For example, if your needs as a child weren’t constantly or fully met by your mother, you might develop an anxious-ambivalent attachment style in the future, which may reflect in both your platonic and romantic relationships. You might find it hard to trust in others, and are hyper-vigilant of your surroundings in fear of being abandoned.
On the other hand, someone with a secure attachment style (warm and loving bond with parents in childhood) may be able to share their feelings openly, feel secure as a partner, and know how and when to seek support when faced with relationship problems.
A child who experienced neglect and abuse was deprived of needs to feel safe and secure. A child who was overly protected and cared for always depended on caregivers to satisfy safety needs. Macy said that both of these experiences may lead to clingy and needy behaviors as adults to meet their needs.
“As a result, they become anxious of the relationships they build in the future because they are preoccupied with the thought that they are not capable of feeling safe, and that they need their significant other to fulfill this,” she added.
So, what’s the solution? Balance.
“Too much and too little is not good for our well-being.

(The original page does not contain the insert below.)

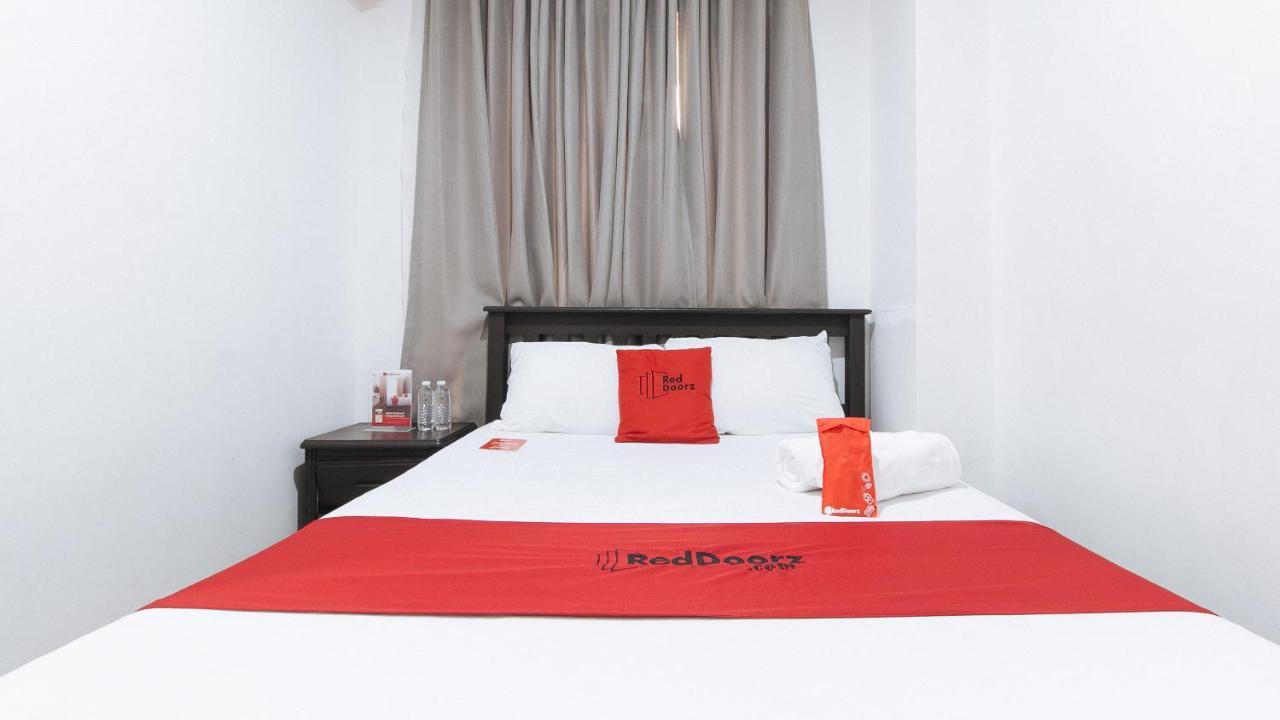 Reddoorz Plus @ Better Living Paranaque Paranaque City Экстерьер фото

When we receive too much or too little, that is the time when our behaviors become problematic and would need professional help,” Macy said. However, our childhood experiences aren’t our fault. Does this mean we’re doomed to repeat our attachment styles in the future? Of course not. As adults, we have the power to recognize and work on our patterns.

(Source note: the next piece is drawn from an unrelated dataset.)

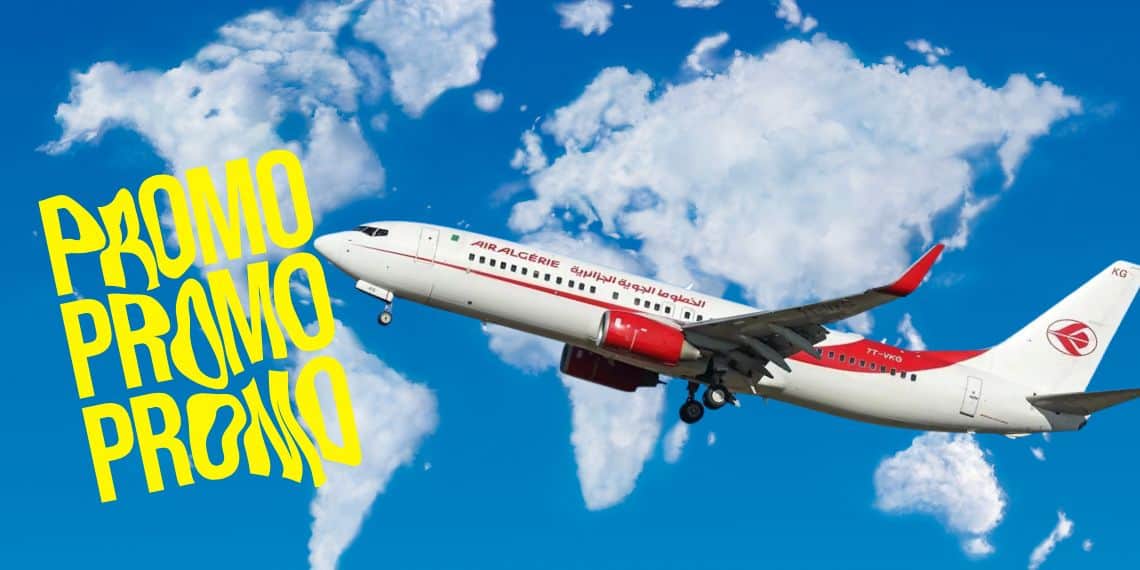 Avion Air Algérie en vol avec promotion en arrière-plan.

Should I do something about it now?
“Recognizing relationship anxiety is important in any relationship because you want it to make you – not break you. If you don’t address the relationship anxiety, you might end up with a broken relationship,” Macy said.
Don’t be ashamed to admit that you have it; after all, it is normal. What’s important is that you are able to identify and address it through self-regulation by managing our thoughts, emotions, and behaviors, especially since they are all related to one another.
“If we don’t feel or think good about our relationship, we will not do good in it as well,” Macy said. Of course, we want the opposite, so if we feel good, think good, and do good in our relationship, we would be better as individuals, and in turn, have a better relationship.
“By addressing your relationship anxiety, you don’t just help fix your relationship, but also yourself. It is an opportunity for self-awareness and self-regulation, which are very important for you to flourish on your own,” Macy said. If you don’t do something about it right away, it may become a dealbreaker, and at its worst, may leave you traumatized from its impact and not want to engage in future relationships anymore.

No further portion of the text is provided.